By Hannah E. Christian, Cohort ’20
In his most recent book, Art as Information Ecology: Artworks, Artworlds, and Complex Systems Aesthetics, Jason Hoelscher, Associate Professor of Art at Georgia Southern University, unfurls the intricate relationship between artistic creation, complex systems theory, and the dynamic networks that shape art's conceptual and material landscapes.
Hoelscher’s insightful assessment of artworks as “complexity engines that offer ways of [...] recognizing and appreciating ambiguity as a generative mode of thought” smashes into the technical impermeability and mathematical foundations of information theory with a hammer (Hoelscher,16). By clearly explaining the two nodes of information theory and entangling (rather than critiquing) their ideas, Hoelscher demonstrates through relevant and interesting examples how art manages to sustain interest over long periods, how it amplifies complexities and possibilities, and how artists in the 1960s grappled with the transition from art as a portal of transcendence to a directly experienced object relation.
For readers who are not secure in their technical knowledge of information theory, Hoelscher’s first three chapters patiently explain that “art is ‘fuzzy’ information in process” and build up a fractal theory of information ecology (Hoelscher, 3). Hoelscher’s premise is that understanding how aesthetic information creates irresolvable differencing patterns makes it possible to understand the sustained interest in and resonance of artworks over long spans of time. Resonance, rather than resolution, propagates waves of experiential questions that continue to pulse through contemporary artworks and art practices.
In this way, Hoelscher uses unique examples to expand the reader’s experience of aesthetic information. For example, he ties together not only examples from the traditional field of fine arts but also epiphenomena such as rainbows, letters of the alphabet, Finnegan’s Wake, quasiperiodic tessellations (see Fig. 1), Star Wars posters, and explanations of car exhaust and the physics of gasoline engines. The skill and finesse with which he ties together each example and relates it to the art information ecology he is weaving is evidence of a deep engagement with information theory and the practices of the artist-philosopher.
With an intense interest in the shift and development from art as “information in motion across a space” to the entanglement of art “into and as a space,” he describes the evolution of aesthetic thinking as a movement toward adjacent possibilities (Hoelscher 94). Through such disparate examples as FOOD, a restaurant in Soho, Rauschenberg’s telegram This is a Portrait of Iris Clert if I Say So, and the aesthetic lived experiment of the Drop City Commune, the processes described by Hoelscher’s aesthetic information ecology begin to contextualize the philosophical underpinnings of contemporary art as adjacent possibilities of such works. Hoelscher grapples with the aesthetic philosophy behind contemporary art and provides a way to think of complexity without becoming overly complex or technical.
Hoelscher explains that “such an artworld intensification of intensity itself creates a problematically interesting context for aesthetic information” because the resonant differencing obscures the differencing even further (Hoelscher 228). This incessant complexification of art as it references its own history reflects much of the difficulty of categorizing and critiquing contemporary artwork. In this way, the process demonstrates the fractal nature of information by virtue of the recursive self-similarity and self-referentiality that functions at scale in an aesthetic ecology.

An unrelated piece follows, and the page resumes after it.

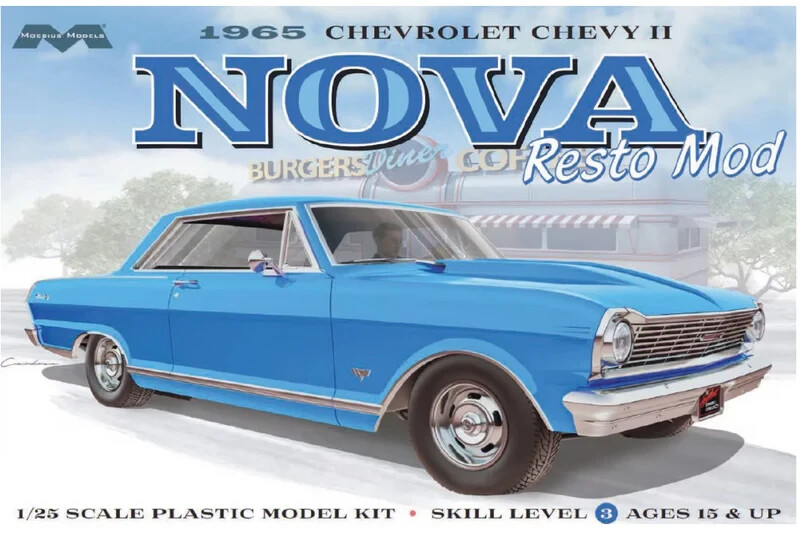 Moebius 2323 1965 Chevrolet Chevy II Resto Mod model kit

While readable, the text is dense and packed with interesting analogies and intersectional examples. Such a dense network of connections provides rich material for examining and comparing ideas about information theory, technology, art theory, art history, systems thinking, and/or philosophy. Hoelscher’s thought process is robust and high-speed, and this book packs decades’ worth of material into a mere 250 pages. This is not just a substantive contribution to the field; it is an explosive text that paves the way for an entirely new field of study and will only become more relevant to aesthetic thought in the years ahead.
Hoelscher, Jason. Art as Information Ecology: Artworks, Artworlds, and Complex Systems Aesthetics. Duke University Press, 2021.